37e conférence d’Alzheimer’s Disease International : un rendez-vous mondial aux enjeux très concrets
Du 14 au 16 avril 2026, la ville de Lyon accueille la 37e conférence de Alzheimer’s Disease International, un événement majeur dans le champ des troubles neurocognitifs. Co-organisé cette année par France Alzheimer et maladies apparentées, ce rendez-vous international intervient dans un contexte de progression continue du nombre de personnes concernées à travers le monde.
Selon les estimations internationales, plus de 55 millions de personnes vivent aujourd’hui avec des troubles neurocognitifs, un chiffre qui pourrait presque tripler d’ici 2050. Derrière ces données, ce sont autant de familles, d’aidants et de professionnels confrontés à des réalités quotidiennes complexes.
Les priorités définies par l’OMS
Le programme de la conférence s’inscrit dans la continuité du Organisation mondiale de la santé à travers son plan d’action mondial sur la démence (2017–2025, prolongé dans plusieurs pays). Sept axes structurants guident les échanges :
- la santé publique
- la sensibilisation et l’inclusion des personnes concernées
- le soutien aux aidants
- le diagnostic
- les traitements et les soins
- la réduction des risques
- les systèmes d’information
- la recherche et l’innovation
Ces thématiques seront abordées à travers des sessions plénières, des communications scientifiques et des retours d’expériences de terrain.
Au croisement de la recherche et des réalités de terrain
La conférence réunit des profils variés : chercheurs, professionnels de santé, décideurs publics, associations et représentants des personnes concernées.
Les avancées scientifiques occupent une place importante, notamment autour :
- des biomarqueurs permettant un diagnostic plus précoce,
- des approches thérapeutiques émergentes,
- de la compréhension des facteurs de risque (mode de vie, environnement, comorbidités).
Mais au-delà de la recherche, l’un des enjeux majeurs reste la traduction concrète de ces avancées dans le quotidien des personnes concernées.
Car le décalage persiste : si les connaissances progressent, les réponses apportées aux familles restent très inégales selon les territoires et les politiques publiques.

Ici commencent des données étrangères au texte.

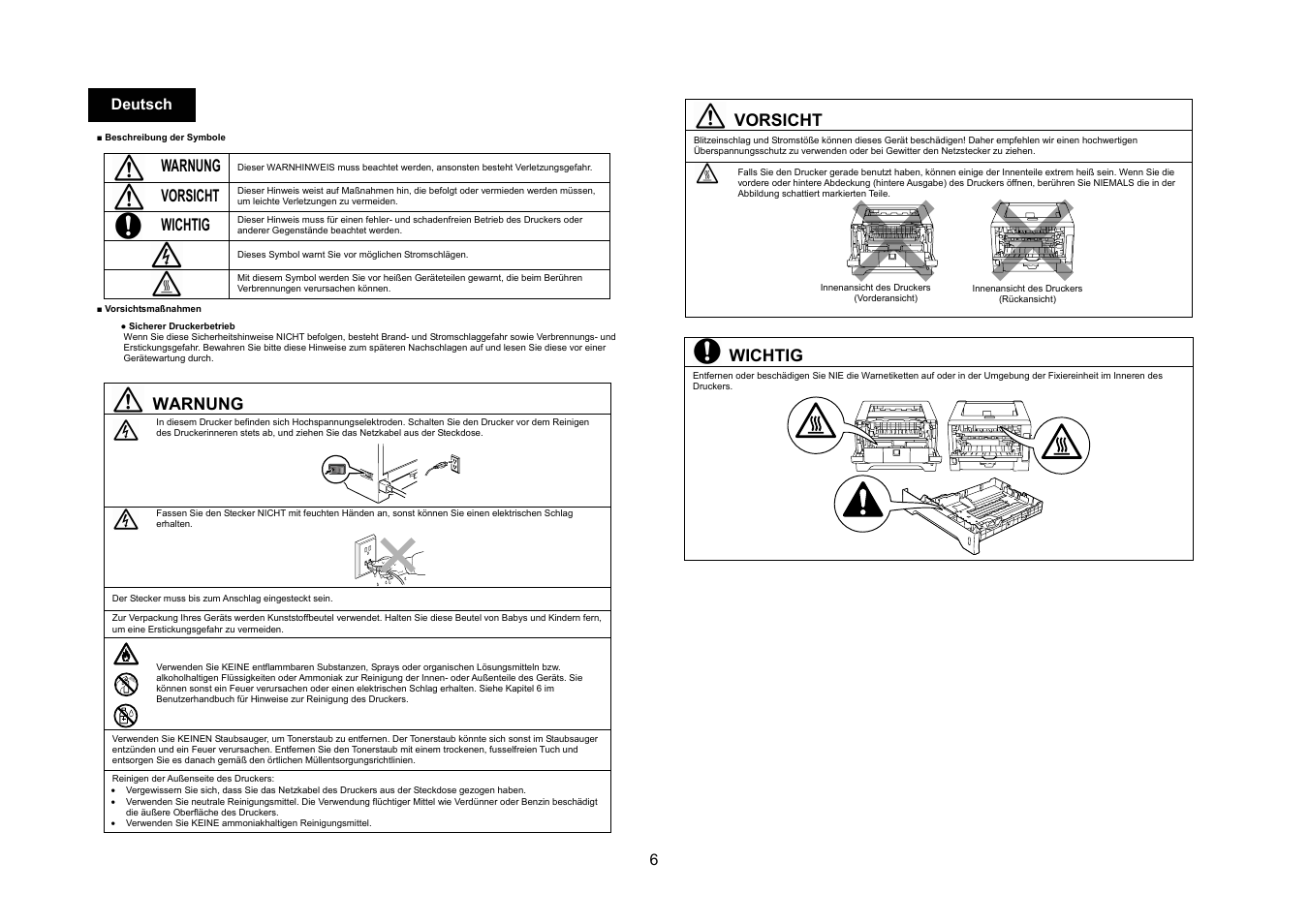 Warnung, Vorsicht, Wichtig | Konica Minolta bizhub 20P User Manual | Page 7 / 39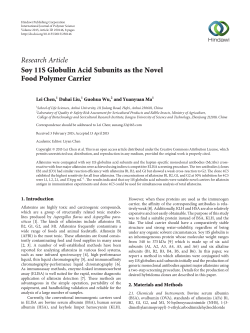 Soy 11S Globulin Acid Subunits as the Novel Food Polymer Carrier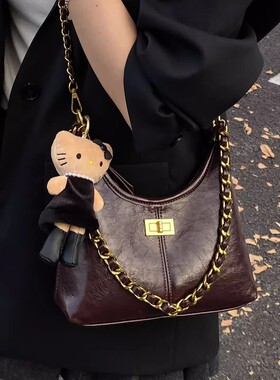 MK DA女包2025新款高级感真皮腋下包时尚复古通勤链条单肩斜挎包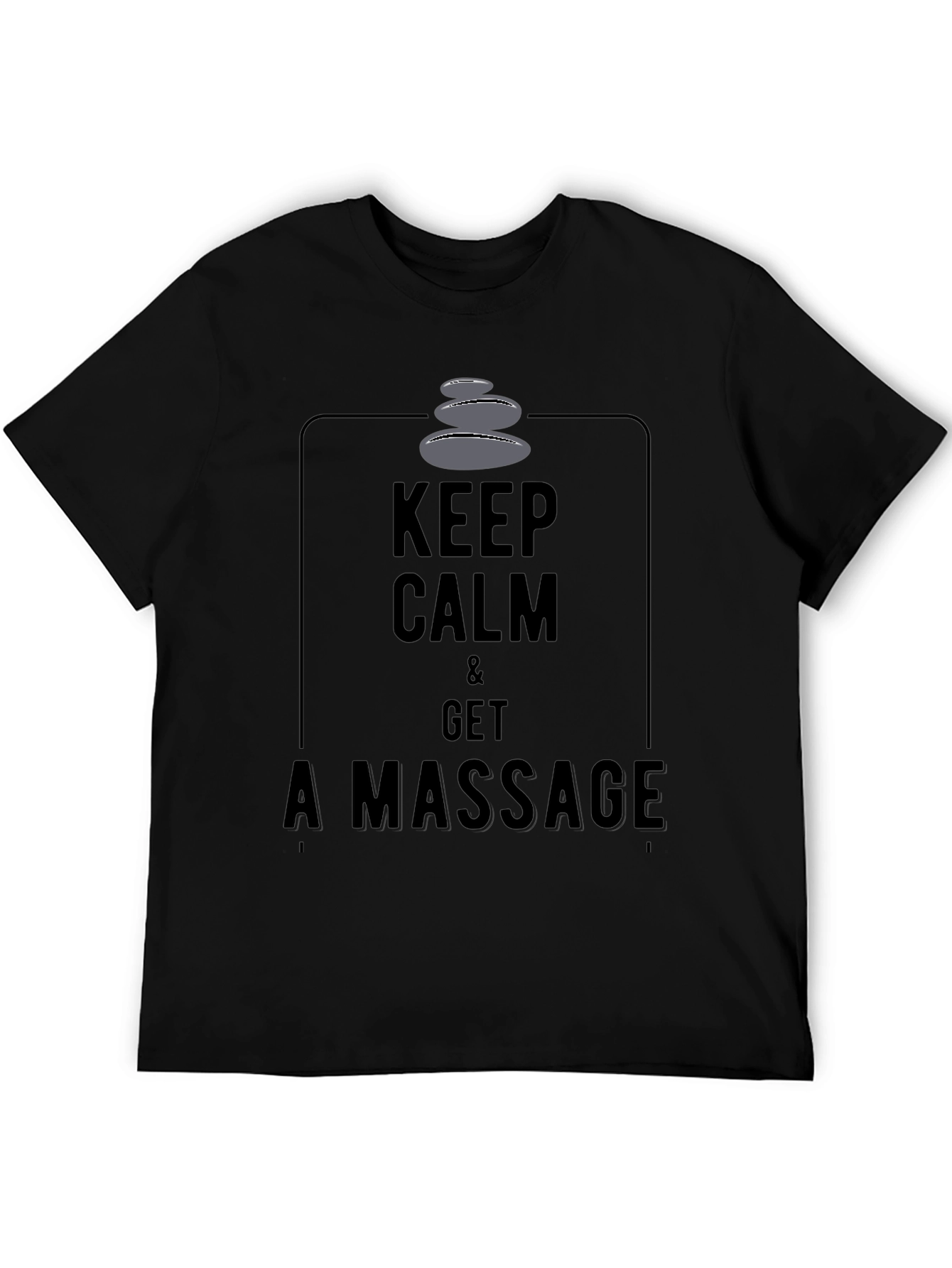 Keep Calm & Get a Massage Black Graphic Tee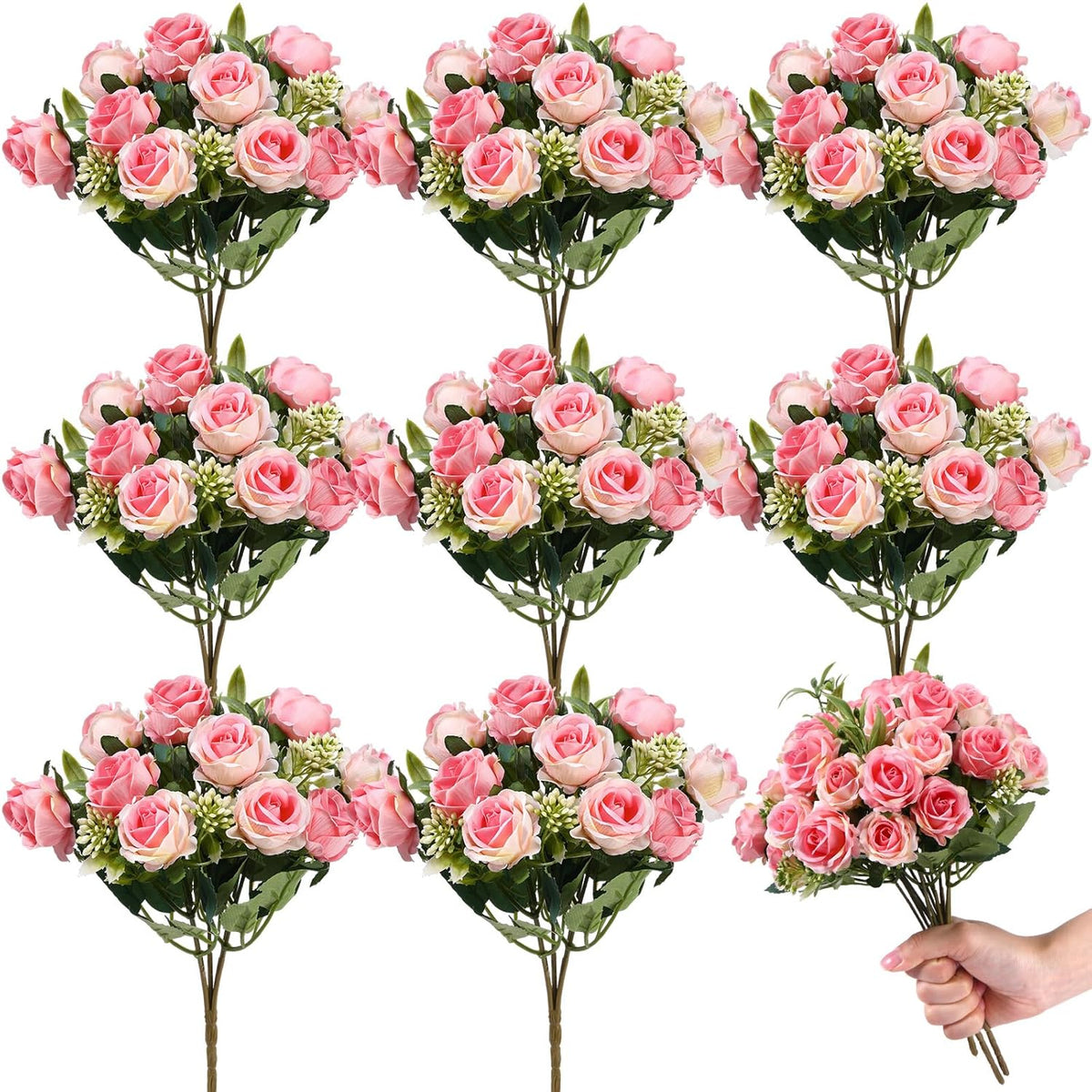 8 Pack 12 Inch Wedding Bouquets For Bride Bridesmaid Red Artificial Rose Bouquet Fake Silk Roses Flowers Bunches Bulk For Home Office Garden Parties(Pink)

Une question centrale : des engagements aux actions
Ce type de sommet international pose une question essentielle : peut-il réellement faire évoluer les politiques publiques ?
Les conférences d’ADI jouent un rôle clé pour :
- partager des modèles d’accompagnement efficaces,
- comparer les stratégies nationales,
- faire émerger des recommandations communes,
- renforcer le plaidoyer en faveur d’une meilleure prise en compte des troubles neurocognitifs.
Cependant, leur impact dépend largement de la capacité des États à traduire ces échanges en décisions concrètes : financement, organisation des soins, soutien aux aidants, formation des professionnels.
Au-delà des chiffres et des politiques, cette conférence rappelle une réalité fondamentale : les troubles neurocognitifs ne sont pas uniquement un enjeu de santé publique, mais une question profondément humaine et sociale.
Un enjeu humain avant tout
L’inclusion, la dignité, le maintien du lien social et la reconnaissance du rôle des aidants restent au cœur des attentes.
Dans ce contexte, la tenue de cette conférence en France, et à Lyon en particulier, constitue une opportunité forte : celle de faire entendre la voix des personnes concernées et de leurs proches, et de rappeler que derrière chaque avancée scientifique, il y a des vies à accompagner.
Un possible point de bascule ?
Peut-on attendre de cette 37e conférence un véritable tournant ?
Elle ne transformera pas à elle seule les systèmes de santé. Mais elle peut contribuer à accélérer une dynamique déjà en cours : celle d’une meilleure reconnaissance des troubles neurocognitifs comme priorité de santé publique mondiale.
À condition que les engagements pris ne restent pas au stade des intentions.